_TASK TO COMPLETE_
These records contain pictures, which must be left out; copy exactly the lines from the one with "Wanderlust Alpine Mountain" up to and including the one with "8mm wide Flat".

_SUPPLIED DATA_
::::

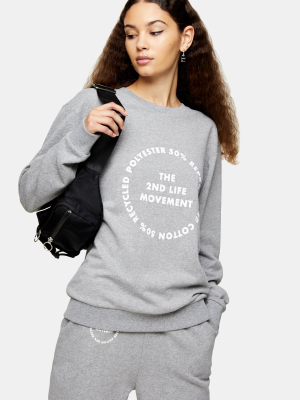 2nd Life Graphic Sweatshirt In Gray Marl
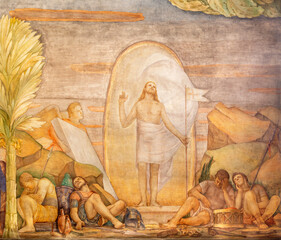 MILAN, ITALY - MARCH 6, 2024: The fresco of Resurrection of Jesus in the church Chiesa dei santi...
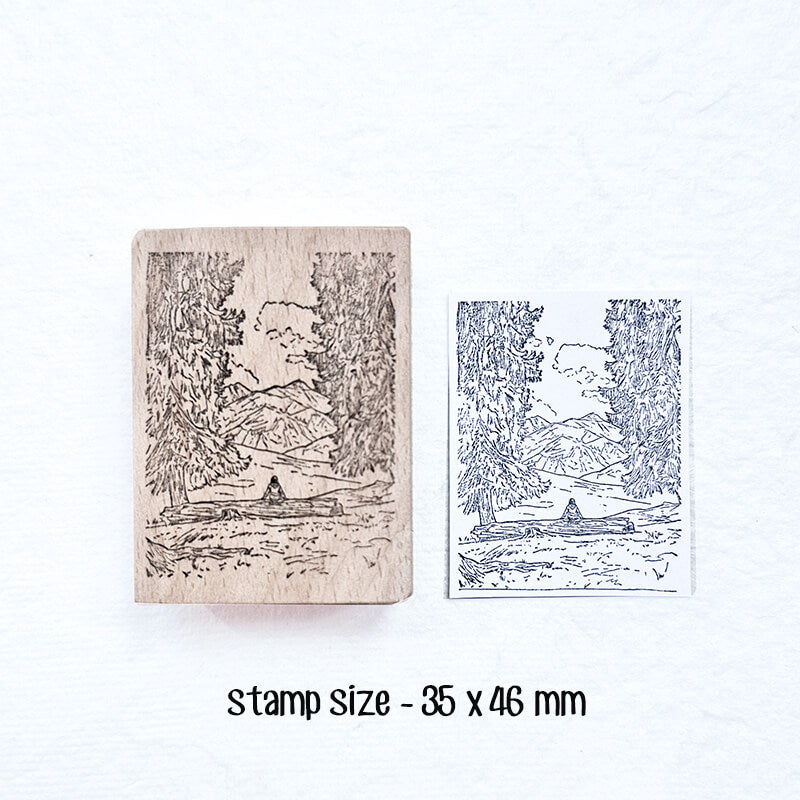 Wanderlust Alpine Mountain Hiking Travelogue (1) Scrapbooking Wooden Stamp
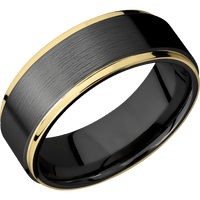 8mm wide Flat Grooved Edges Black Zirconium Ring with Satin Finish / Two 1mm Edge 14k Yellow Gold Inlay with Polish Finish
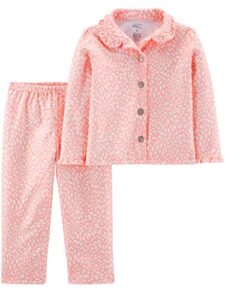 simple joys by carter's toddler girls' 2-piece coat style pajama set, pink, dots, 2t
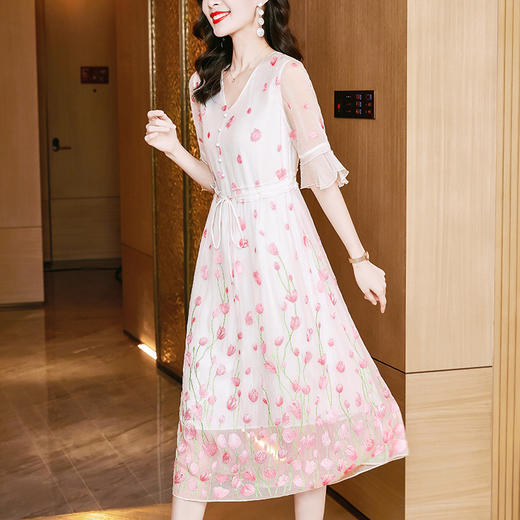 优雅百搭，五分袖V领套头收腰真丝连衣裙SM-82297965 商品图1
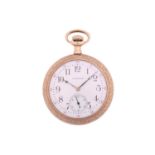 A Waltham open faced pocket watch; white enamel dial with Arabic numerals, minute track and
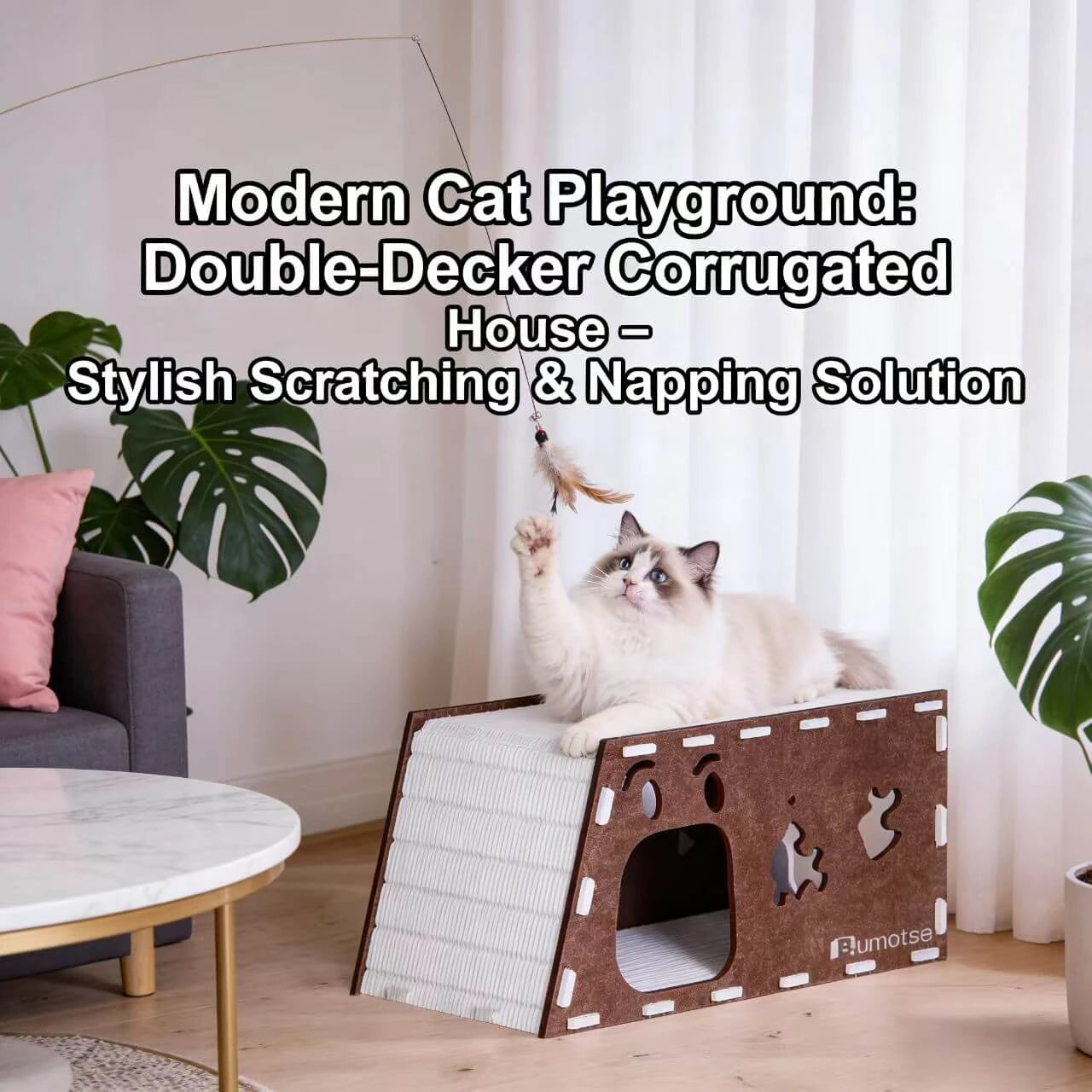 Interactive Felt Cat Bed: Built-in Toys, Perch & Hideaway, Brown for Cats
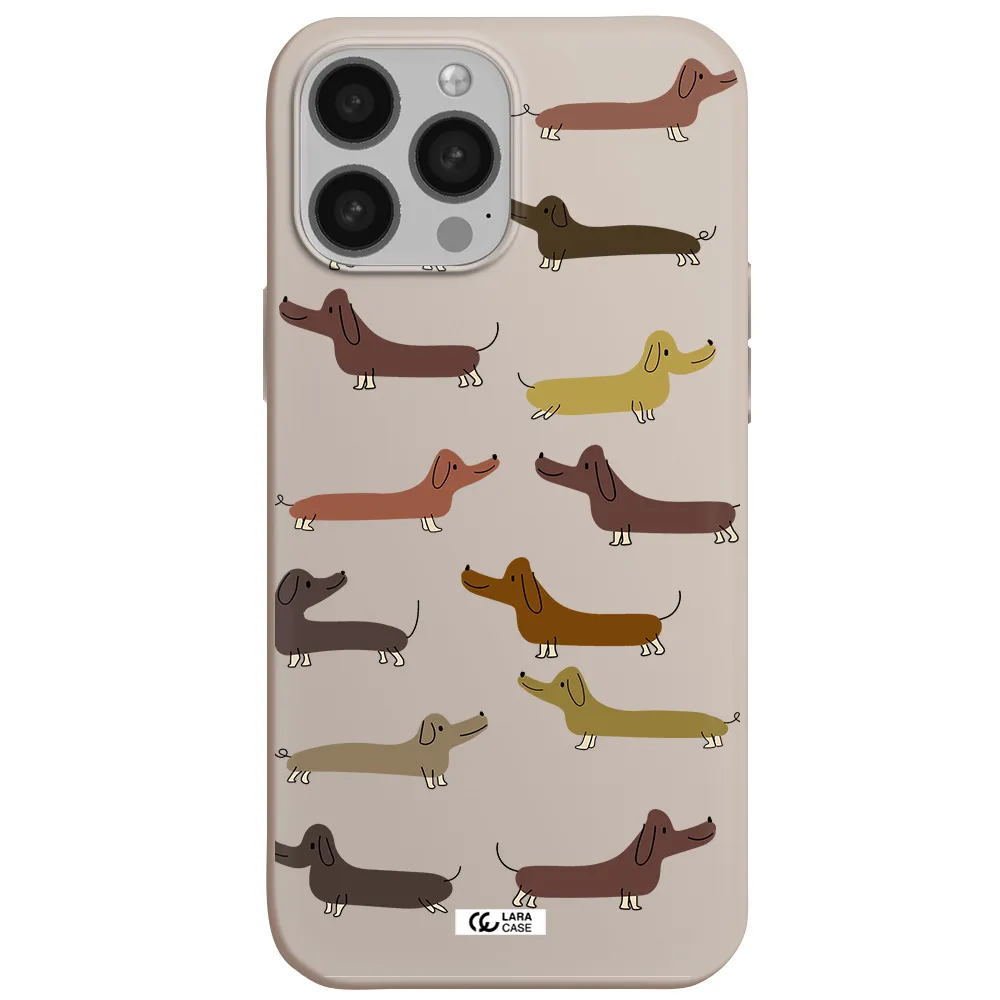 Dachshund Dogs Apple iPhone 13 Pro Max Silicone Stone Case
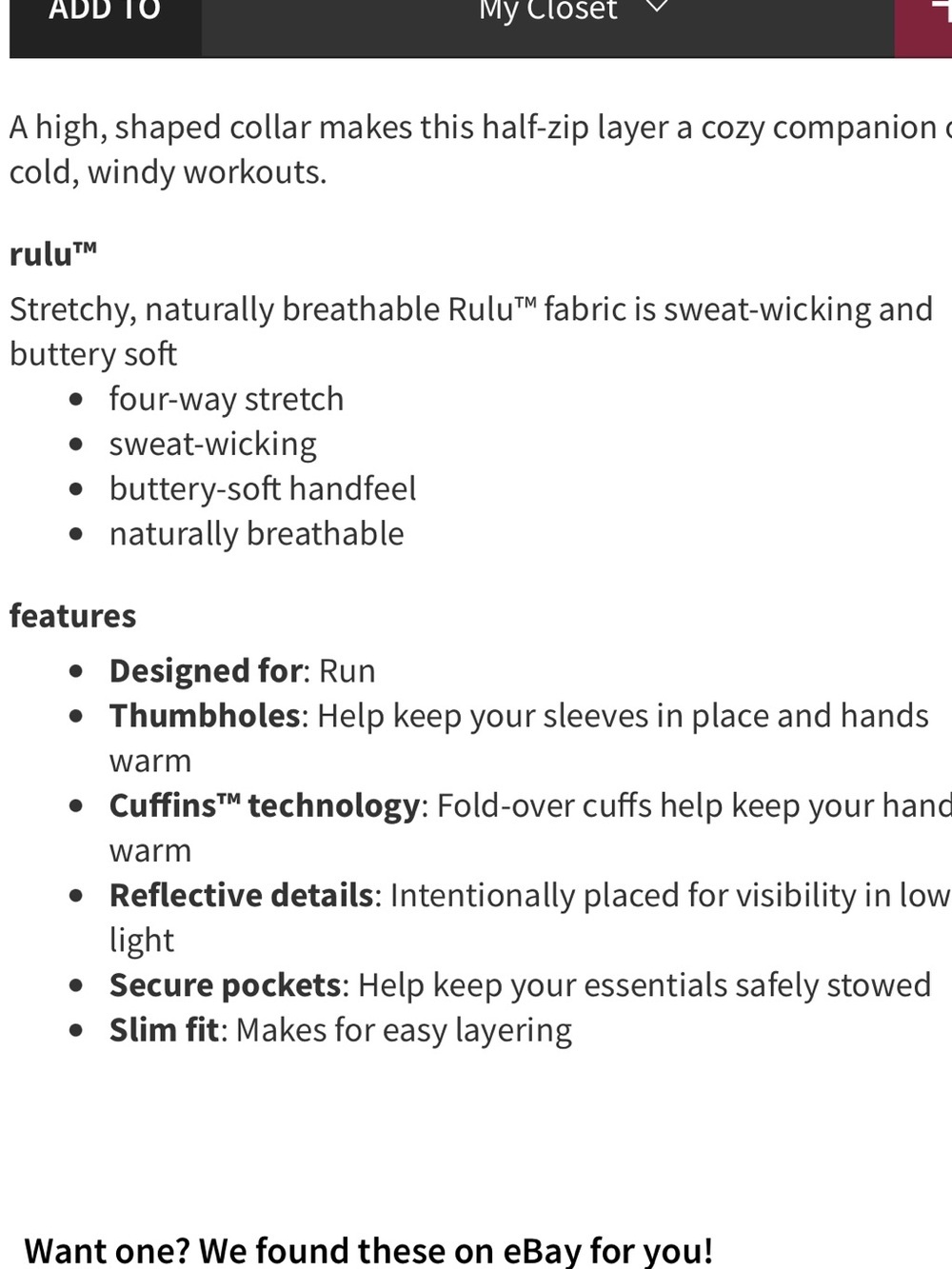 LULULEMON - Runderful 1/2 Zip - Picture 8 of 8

::::

_TASK RESULT_
 Wanderlust Alpine Mountain Hiking Travelogue (1) Scrapbooking Wooden Stamp
 8mm wide Flat Grooved Edges Black Zirconium Ring with Satin Finish / Two 1mm Edge 14k Yellow Gold Inlay with Polish Finish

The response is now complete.